(Task goal): Once you reach the line containing "Kids Superhero Jumpsuit" in the entries below, write out that line and each one after it down to the line containing "Anillo En Oro Amarillo 18K Con Topacio Azul", exactly and with nothing added.

Web page caption snippets:
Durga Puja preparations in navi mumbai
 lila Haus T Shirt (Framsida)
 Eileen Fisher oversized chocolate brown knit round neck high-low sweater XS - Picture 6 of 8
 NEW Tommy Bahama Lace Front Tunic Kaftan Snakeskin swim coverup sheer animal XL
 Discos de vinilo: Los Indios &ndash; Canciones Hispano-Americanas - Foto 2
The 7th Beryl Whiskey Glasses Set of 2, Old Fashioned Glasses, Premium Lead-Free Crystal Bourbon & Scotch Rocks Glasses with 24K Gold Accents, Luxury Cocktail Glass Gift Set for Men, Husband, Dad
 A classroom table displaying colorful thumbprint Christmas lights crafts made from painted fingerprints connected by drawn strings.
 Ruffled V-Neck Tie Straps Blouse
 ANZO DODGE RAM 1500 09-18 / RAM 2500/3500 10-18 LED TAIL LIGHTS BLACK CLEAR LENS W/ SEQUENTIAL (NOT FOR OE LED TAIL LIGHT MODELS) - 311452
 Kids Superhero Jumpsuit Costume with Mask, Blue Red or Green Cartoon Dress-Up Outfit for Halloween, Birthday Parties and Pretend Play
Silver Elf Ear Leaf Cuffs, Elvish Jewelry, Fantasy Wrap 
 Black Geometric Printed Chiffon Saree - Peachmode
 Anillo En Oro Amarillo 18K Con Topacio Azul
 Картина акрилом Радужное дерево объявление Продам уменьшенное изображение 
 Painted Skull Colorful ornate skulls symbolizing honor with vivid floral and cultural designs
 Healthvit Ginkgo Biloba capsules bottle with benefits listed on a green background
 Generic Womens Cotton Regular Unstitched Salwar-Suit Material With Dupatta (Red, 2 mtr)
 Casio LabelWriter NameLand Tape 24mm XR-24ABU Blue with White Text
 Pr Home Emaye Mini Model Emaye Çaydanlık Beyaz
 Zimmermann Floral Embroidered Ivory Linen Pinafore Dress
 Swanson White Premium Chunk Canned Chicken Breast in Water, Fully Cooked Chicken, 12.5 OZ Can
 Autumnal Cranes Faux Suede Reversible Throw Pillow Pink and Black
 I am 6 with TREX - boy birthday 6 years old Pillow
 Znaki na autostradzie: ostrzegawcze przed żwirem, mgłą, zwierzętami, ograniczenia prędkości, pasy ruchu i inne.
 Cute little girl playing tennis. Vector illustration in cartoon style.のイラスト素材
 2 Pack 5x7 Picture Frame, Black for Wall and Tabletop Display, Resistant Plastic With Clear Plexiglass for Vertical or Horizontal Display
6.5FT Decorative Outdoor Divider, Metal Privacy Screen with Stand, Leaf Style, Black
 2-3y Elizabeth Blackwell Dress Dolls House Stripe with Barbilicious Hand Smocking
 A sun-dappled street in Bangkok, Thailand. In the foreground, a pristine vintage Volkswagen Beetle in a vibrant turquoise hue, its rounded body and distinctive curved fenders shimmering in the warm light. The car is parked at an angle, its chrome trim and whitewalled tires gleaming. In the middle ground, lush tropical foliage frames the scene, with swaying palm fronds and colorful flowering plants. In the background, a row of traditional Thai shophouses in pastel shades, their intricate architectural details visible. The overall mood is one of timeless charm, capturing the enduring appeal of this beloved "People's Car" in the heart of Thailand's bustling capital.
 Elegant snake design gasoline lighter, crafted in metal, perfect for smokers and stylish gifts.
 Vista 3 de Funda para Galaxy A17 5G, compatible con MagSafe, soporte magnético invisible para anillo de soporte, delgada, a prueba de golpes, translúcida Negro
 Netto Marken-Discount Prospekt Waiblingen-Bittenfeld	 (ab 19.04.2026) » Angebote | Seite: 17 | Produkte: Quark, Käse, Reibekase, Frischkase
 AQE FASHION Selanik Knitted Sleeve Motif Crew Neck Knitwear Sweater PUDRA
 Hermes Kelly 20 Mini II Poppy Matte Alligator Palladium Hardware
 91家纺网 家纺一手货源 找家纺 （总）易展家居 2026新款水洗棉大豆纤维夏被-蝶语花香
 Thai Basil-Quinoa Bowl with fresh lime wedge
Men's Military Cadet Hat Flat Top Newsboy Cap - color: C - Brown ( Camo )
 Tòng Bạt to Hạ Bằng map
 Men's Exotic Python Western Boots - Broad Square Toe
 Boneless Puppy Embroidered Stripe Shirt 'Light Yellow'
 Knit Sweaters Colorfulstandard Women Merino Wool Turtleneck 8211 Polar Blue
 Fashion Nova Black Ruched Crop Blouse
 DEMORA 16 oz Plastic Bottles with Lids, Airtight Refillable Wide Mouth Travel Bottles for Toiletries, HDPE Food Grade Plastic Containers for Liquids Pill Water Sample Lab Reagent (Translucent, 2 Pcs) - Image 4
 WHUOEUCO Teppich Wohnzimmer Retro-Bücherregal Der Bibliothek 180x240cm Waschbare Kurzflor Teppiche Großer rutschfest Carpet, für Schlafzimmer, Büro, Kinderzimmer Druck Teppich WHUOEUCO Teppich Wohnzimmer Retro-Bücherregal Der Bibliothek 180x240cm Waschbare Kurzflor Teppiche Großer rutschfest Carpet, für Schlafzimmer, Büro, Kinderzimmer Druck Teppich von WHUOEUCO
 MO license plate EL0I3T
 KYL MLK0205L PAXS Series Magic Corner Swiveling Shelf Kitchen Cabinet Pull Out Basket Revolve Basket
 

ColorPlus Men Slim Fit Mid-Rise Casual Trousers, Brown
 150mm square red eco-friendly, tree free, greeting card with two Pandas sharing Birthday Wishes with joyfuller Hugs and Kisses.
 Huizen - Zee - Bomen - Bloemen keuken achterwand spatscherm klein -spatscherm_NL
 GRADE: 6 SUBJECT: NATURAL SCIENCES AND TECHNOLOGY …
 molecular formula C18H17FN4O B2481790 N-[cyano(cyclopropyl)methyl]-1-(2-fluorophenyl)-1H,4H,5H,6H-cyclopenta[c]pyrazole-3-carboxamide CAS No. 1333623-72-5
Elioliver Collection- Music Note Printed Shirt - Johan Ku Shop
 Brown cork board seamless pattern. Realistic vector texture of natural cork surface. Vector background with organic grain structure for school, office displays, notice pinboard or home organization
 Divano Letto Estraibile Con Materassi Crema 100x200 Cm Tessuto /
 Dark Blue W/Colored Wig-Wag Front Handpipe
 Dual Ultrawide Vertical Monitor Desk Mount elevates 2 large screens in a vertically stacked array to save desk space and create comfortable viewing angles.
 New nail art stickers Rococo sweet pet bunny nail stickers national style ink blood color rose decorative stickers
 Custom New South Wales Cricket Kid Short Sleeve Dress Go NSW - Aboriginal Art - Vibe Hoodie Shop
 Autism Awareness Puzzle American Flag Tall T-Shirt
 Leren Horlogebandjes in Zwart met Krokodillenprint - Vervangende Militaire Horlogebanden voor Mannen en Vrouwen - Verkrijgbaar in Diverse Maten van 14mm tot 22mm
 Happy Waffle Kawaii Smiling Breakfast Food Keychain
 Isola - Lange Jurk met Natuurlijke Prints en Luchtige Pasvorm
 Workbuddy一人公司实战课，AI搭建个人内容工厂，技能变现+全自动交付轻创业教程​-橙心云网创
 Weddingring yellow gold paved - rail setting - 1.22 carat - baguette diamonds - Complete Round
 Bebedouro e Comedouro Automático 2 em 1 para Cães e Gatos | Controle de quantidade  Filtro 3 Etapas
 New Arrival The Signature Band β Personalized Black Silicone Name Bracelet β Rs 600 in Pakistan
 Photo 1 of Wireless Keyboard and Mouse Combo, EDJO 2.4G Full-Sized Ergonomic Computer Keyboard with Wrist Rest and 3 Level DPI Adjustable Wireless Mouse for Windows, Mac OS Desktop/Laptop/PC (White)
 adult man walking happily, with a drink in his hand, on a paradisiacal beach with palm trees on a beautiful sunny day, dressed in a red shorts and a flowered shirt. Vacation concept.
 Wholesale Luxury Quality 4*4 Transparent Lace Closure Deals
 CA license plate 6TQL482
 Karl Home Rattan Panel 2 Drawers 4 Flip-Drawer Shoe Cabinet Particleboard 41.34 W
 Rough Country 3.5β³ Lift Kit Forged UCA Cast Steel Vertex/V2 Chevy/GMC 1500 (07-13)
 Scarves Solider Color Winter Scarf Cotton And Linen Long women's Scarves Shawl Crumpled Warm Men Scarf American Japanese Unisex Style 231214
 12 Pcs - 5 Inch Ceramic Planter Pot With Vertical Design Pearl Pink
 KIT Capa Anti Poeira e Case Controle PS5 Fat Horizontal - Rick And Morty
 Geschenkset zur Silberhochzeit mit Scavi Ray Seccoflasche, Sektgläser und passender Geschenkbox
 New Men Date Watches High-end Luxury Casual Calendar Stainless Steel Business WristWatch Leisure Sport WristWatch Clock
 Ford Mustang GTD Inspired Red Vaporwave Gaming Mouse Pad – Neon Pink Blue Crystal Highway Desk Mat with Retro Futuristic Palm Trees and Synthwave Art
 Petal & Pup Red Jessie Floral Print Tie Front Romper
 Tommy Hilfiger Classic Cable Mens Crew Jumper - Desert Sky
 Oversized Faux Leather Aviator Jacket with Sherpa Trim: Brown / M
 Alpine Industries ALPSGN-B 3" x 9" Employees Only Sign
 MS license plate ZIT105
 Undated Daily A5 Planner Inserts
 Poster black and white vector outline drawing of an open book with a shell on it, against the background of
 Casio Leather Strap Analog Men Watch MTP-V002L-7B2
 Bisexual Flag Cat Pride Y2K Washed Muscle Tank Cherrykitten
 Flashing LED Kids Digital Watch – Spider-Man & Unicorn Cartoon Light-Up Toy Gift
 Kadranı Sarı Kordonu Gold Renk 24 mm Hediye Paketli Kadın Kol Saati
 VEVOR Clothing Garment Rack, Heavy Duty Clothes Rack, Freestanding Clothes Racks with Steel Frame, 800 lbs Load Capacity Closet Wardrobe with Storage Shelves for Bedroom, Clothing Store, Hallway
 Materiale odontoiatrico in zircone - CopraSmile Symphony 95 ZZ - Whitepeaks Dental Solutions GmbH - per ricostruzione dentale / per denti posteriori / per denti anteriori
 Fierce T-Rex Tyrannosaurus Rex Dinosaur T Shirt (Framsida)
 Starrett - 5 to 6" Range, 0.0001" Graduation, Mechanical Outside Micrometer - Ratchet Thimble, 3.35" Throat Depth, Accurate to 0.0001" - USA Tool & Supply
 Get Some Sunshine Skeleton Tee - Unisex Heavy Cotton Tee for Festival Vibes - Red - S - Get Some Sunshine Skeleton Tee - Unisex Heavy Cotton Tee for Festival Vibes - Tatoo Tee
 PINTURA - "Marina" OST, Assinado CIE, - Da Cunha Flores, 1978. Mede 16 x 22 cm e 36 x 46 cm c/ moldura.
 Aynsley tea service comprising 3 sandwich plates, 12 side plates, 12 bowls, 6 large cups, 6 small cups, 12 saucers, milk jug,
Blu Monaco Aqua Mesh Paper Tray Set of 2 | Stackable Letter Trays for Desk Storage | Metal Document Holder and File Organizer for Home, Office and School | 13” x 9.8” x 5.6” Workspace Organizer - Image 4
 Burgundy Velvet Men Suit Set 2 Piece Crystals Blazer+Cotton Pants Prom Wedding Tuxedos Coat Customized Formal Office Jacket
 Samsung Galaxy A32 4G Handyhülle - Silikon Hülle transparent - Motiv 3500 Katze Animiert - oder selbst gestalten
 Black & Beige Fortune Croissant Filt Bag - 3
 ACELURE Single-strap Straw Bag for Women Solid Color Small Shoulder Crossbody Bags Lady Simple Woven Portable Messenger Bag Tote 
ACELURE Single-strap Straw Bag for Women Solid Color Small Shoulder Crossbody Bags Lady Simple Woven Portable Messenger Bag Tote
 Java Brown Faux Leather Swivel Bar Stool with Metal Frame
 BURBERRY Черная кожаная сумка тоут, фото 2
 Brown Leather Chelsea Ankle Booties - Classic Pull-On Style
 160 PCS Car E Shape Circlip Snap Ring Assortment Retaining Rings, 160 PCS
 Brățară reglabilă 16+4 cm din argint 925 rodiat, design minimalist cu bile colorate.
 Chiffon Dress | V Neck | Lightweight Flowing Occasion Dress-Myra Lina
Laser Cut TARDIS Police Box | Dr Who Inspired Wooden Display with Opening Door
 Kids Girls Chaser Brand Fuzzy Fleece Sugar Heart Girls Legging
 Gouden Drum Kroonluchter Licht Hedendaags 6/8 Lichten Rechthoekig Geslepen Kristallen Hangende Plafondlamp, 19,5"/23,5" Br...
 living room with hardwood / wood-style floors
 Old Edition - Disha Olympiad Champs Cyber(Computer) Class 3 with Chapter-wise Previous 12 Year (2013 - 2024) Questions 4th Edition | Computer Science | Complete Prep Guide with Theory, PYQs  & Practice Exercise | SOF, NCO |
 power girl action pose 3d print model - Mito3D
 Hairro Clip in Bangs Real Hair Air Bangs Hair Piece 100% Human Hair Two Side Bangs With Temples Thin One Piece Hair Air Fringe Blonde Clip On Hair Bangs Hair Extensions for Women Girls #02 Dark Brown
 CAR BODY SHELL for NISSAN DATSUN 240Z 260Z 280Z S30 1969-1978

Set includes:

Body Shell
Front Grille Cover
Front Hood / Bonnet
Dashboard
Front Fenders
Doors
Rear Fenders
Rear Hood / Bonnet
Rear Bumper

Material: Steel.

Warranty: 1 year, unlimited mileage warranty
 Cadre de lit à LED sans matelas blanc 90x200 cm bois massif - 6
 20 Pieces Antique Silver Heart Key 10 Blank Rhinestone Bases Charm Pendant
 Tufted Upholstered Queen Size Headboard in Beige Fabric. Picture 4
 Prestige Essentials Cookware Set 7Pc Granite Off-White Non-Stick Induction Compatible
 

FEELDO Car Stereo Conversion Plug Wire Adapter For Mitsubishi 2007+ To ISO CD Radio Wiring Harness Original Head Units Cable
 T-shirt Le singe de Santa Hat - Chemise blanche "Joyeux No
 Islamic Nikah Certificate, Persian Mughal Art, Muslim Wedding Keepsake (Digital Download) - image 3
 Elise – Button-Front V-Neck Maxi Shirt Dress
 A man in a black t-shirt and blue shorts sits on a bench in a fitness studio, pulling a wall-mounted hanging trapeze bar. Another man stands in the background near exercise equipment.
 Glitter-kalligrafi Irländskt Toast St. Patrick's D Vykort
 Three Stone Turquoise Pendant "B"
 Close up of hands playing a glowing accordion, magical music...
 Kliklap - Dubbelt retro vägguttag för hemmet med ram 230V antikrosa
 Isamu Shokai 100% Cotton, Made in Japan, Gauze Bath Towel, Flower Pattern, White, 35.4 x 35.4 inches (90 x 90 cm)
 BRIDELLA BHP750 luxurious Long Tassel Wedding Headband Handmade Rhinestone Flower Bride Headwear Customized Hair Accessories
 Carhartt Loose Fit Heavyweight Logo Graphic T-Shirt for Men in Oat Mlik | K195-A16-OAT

(Answer to the problem):
 Kids Superhero Jumpsuit Costume with Mask, Blue Red or Green Cartoon Dress-Up Outfit for Halloween, Birthday Parties and Pretend Play
Silver Elf Ear Leaf Cuffs, Elvish Jewelry, Fantasy Wrap 
 Black Geometric Printed Chiffon Saree - Peachmode
 Anillo En Oro Amarillo 18K Con Topacio Azul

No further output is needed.